Local civil society repeatedly called for Tshonga to be questioned and for him to step down. His staff apparently walked out in March of this year in protest over his work. In the same month the provincial Mining Division officially cut ties with Tshonga’s agency “until order is re-established”. The mining agency headed by Tshonga failed to deposit any revenue into provincial coffers between 2014 and 2015 for gold dredging, despite collecting official taxes throughout.
A petition calling for the Governor to step down was signed by almost 40,000 signatories in South Kivu according to local media. In June eighteen provincial MPs summoned him to parliament and introduced a motion of no confidence. The Governor never honoured the date with his MPs – in July he resigned.
On 12th July and in the Governor’s absence, South Kivu’s Vice Governor filed for a loan of almost 1.3 million USD (200 million FrC) from Congolese Rawbank, a private bank, allegedly to repay the province’s debts and pay its civil servants.

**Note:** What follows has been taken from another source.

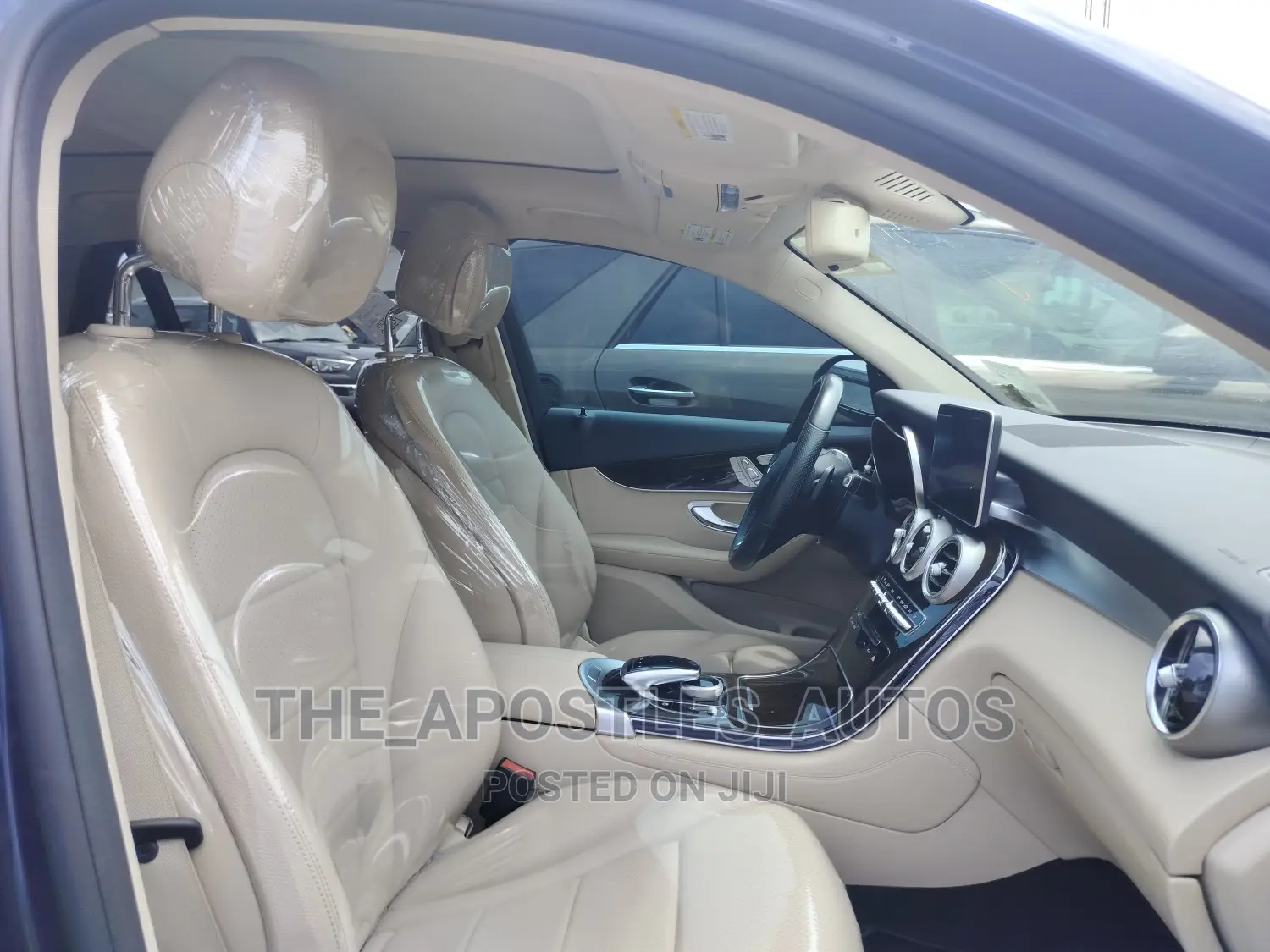 Mercedes-Benz GLC-Class 2017 Blue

The provinces’ bank accounts were allegedly frozen when Cishambo stepped down.
Meanwhile, civil society activists receive increasing threats for exposing the truth about what is going on in the province’s mineral sector. Their monitoring and independent oversight is a critical part of building a responsible and transparent mineral trade – and yet local and international activists are increasingly the targets of threats and intimidation. After “River of Gold” Global Witness investigators joined the ranks of our civil society colleagues who face intimidation for the work they do to hold companies and authorities to account.
Internationally
Response to our report was also limited along international supply chains. Dubai’s regulator and promoter of gold and diamond trading, the Dubai Multi Commodities Centre (DMCC) did not respond to Global Witness’ requests for comment on the Shabunda story. Almost a year later in May 2017 a DMCC representative told the BBC World Service’s Business Daily that the license of one of the companies linked to the Shabunda boom - Alfa Gold Corp DMCC - had been revoked in July 2016 for failings in unspecified “compliance requirements”.
Global Witness is not aware of any other action by Dubai authorities to hold to account other individuals and companies linked to this case. The Chinese Embassy in Kinshasa received a copy of the report but did not respond. Marcelin Cishambo and Kun Hou Mining did not respond to repeated requests for comment ahead of the report’s publication. John Tshonga said that his agents had followed the law and had not collaborated with armed groups.
Today’s gold supply chains span a vast constellation of countries, companies and economies. An international web of traders, banks and jewellers appear to buy South Kivu’s gold and overlook, or choose not to see, what or who their commerce is really funding.
Until stories like River of Gold are acted upon this abusive, inequitable gold trade will continue.